Eine Staubwolke steigt vom Boden auf, und als sie sich wieder legt, steht Ibiki unversehrt direkt vor ihnen.

„Sie haben die Illusion sofort durchschaut, Sensei. Wie langweilig.“

„Beim Training überprüfe ich immer vorher, dass niemand dem Feuer im Weg steht. Das wäre ja sonst noch schöner.“

„Sie hätten wenigstens so tun können, als hätten Sie sich erschreckt.“

„Warum denn das?“

„Weil es mich gefreut hätte“, sagt Ibiki und mustert ihn eingehend. „Nehmen Sie's mir nicht übel, Sensei, aber manchmal sollten sie ihr Leben ein bisschen lockerer angehen. Sie machen sonst weder uns noch sich selbst eine Freude.“

Shintaro blinzelt irritiert und weiß nicht, was er dazu sagen soll. Sein ganzes Leben lang hat er getan, was von ihm verlangt wurde. Noch nie hat jemand von ihm verlangt, locker zu sein.

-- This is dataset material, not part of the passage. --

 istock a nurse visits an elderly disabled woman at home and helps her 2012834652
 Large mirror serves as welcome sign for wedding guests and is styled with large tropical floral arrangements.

„Wie auch immer. Das Genjutsu an sich war jedenfalls nicht schlecht, Ibiki.“

„Auch wenn es nur für einen Witz gedient hat“, sagt Tonbo. „Du bist doch kein Zirkuspferdchen, Ibiki.“

„Es hat immerhin dazu gedient, dir eine Lektion über Genjutsus zu erteilen. Du darfst nicht immer alles glauben, was du ...“ In einer einzigen Bewegung zieht Ibiki ein Kunai aus seiner Tasche und blockt einen Shuriken ab, der neben seinem Kopf entlang fliegt.

„Verdammt!“

„Steh früher auf, Mizuki!“, brüllt Ibiki quer über den Platz. „Und lass dir langsam etwas Neues einfallen!“

Mizuki schlendert zu ihnen herüber, nachdenklich auf einer Haarsträhne kauend. „Sagen Sie mal, Sensei? Gibt es Shuriken nicht auch in größer?“

Shintaro lacht auf. „Es gibt welche, bei denen ein Zacken länger ist als dein Unterarm.“

„Im Ernst?“

„Ja, aber natürlich sind sie dementsprechend schwer und hindern dich daran, dich frei zu bewegen. In einem längeren Kampf sind sie deshalb eher von Nachteil – das heißt, solange du deine Beschwörung nicht beherrschst.“

„Aber wenn ich sie beherrsche, kann ich es mit den großen versuchen, Sensei?“

In Mizukis Augen leuchtet eine kindliche Begeisterung, dieselbe wie bei Tonbo, wenn Shintaro seine Feuerkugel vorführt. So war er früher auch, denkt Shintaro. Oder etwa nicht?